Em entrevista ao Bom Gourmet, a autora falou mais sobre o Da Botica ao Boteco, seu trabalho de pesquisa e a mixologia nacional.
Deguste!
Néli, conta um pouco mais sobre o Da Botica ao Boteco, livro que você veio lançar aqui em Curitiba?
No meu livro Da Botica ao Boteco, eu falo de ingredientes que estão no universo da botica popular brasileira, mas que a gente não conhece muito do sabor deles.
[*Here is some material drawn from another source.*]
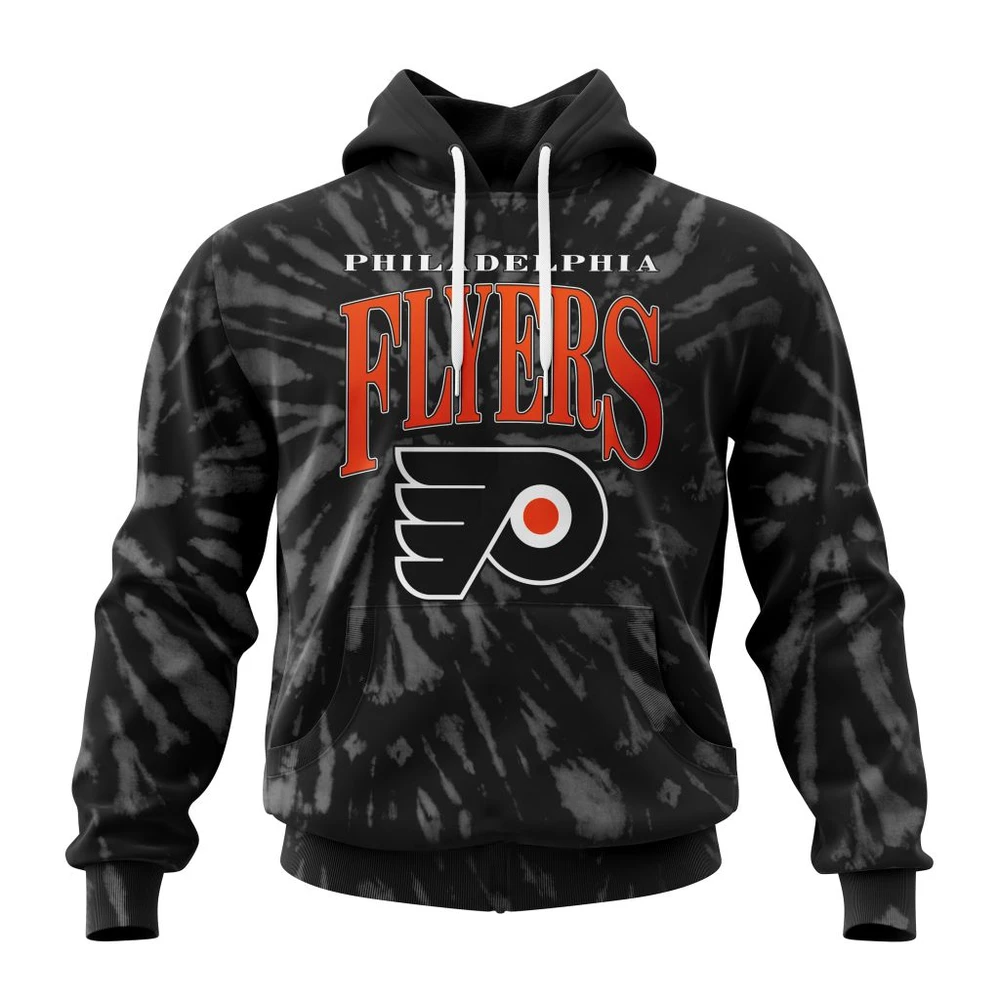 Hoodie NHL Philadelphia Flyers Special Retro Vintage Tie Dye St2201 QTNHL080524A3066HD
Não sabemos, por exemplo, que a catuaba é mais tânica, que o mastruz é adocicado ou mesmo que a jurubeba tem muito umami. Mas, o que eu fui entendendo, e que mostro no livro, é que para além dos sabores, eu precisava também trazer os saberes do Brasil. Para que a gente pudesse, assim, brindar com e pelo Brasil.
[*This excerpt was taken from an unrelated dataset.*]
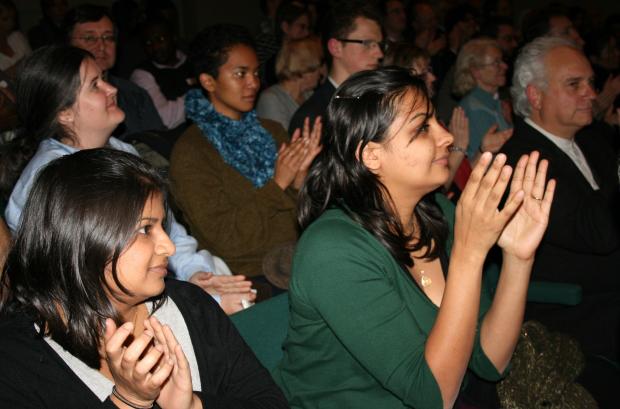 Members of the audience at the Royal Society of Arts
E como é a recepção do público, e do mercado, a essa proposta de uma coquetelaria com ingredientes brasileiros?
Quando eu comecei esse trabalho, vi muita gente torcendo o nariz, olhando com desdém. Em paralelo a esse olhar de desdém, tem também um olhar muito tropicalizado, de que tudo que fala de Brasil e da coquetelaria daqui precisa ser superfrutado, tropical, com melancias e abacaxis. Enquanto, na verdade, a nossa coquetelaria tem muito mais amargo. Mas, o que eu percebo, é que essas duas situações vêm mudando. Percebo que as pessoas estão mais abertas, principalmente os mais jovens, a olhar para esses ingredientes nacionais com grande potencial.
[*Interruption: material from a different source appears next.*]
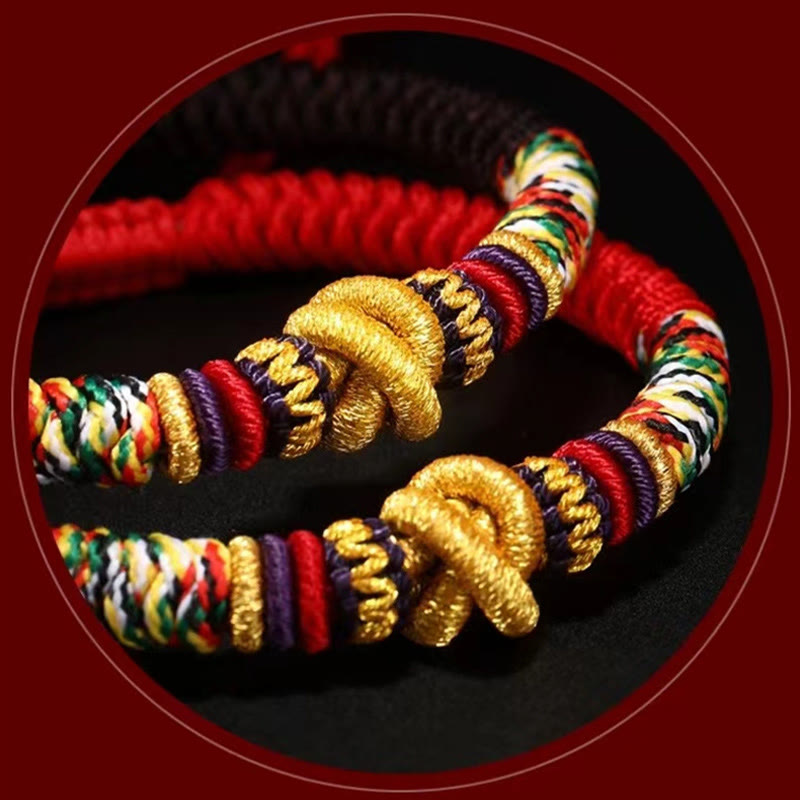 Pulsera de fe con nudo de King Kong Om Mani Padme Hum de plata de ley 925 con Buddha Stones - image 13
E, para além da pesquisa, como é a coquetelaria que você faz, Néli?
É uma coquetelaria de baixa intervenção. Porque o coquetel que eu preparo não é sobre mim, é sobre os ingredientes com que eu trabalho. Eu sempre vou mostrar o ingrediente. Então, por exemplo, se eu pego um Cogumelo Yanomame e misturo a um Vermute, eu não vou esconder o sabor desse cogumelo misturando outros oito ingredientes na bebida só para mostrar como eu sei combinar os sabores. Eu sempre vou mostrar o ingrediente. Então, eu diria isso, que é uma coquetelaria mais simples, de baixa intervenção.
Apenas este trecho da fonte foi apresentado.